> _ACTIVITY_: An exact transcription of the listing, without its images, is what the answer must contain.

> _INFORMATION SHOWN_:
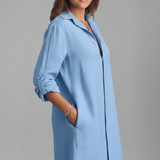 Damen Hemdkleid mit umgeschlagenem Kragen und Knopfverschluss
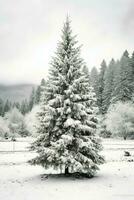 pino alberi o decorato Natale albero coperto di neve su bellissimo inverno. Natale tema all'aperto di ai generato foto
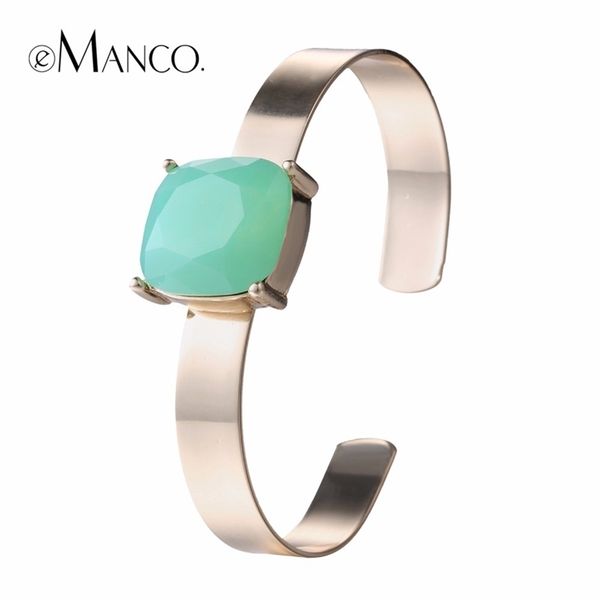 

emanco 3 color simple elegant cube cuff bracelets & bangles for women green crystal copper accessories brand jewelry accessories y200323, Golden;silver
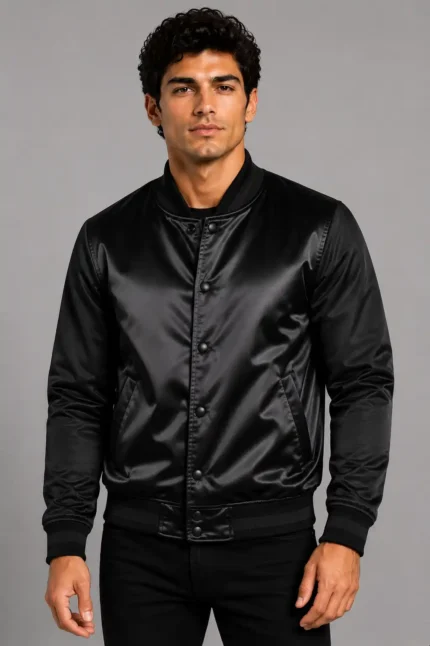 All Black Satin Varsity Jacket Mens Black Lining Snap Button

> _EXERCISE SOLUTION_:
 Damen Hemdkleid mit umgeschlagenem Kragen und Knopfverschluss
 pino alberi o decorato Natale albero coperto di neve su bellissimo inverno. Natale tema all'aperto di ai generato foto

emanco 3 color simple elegant cube cuff bracelets & bangles for women green crystal copper accessories brand jewelry accessories y200323, Golden;silver
 All Black Satin Varsity Jacket Mens Black Lining Snap Button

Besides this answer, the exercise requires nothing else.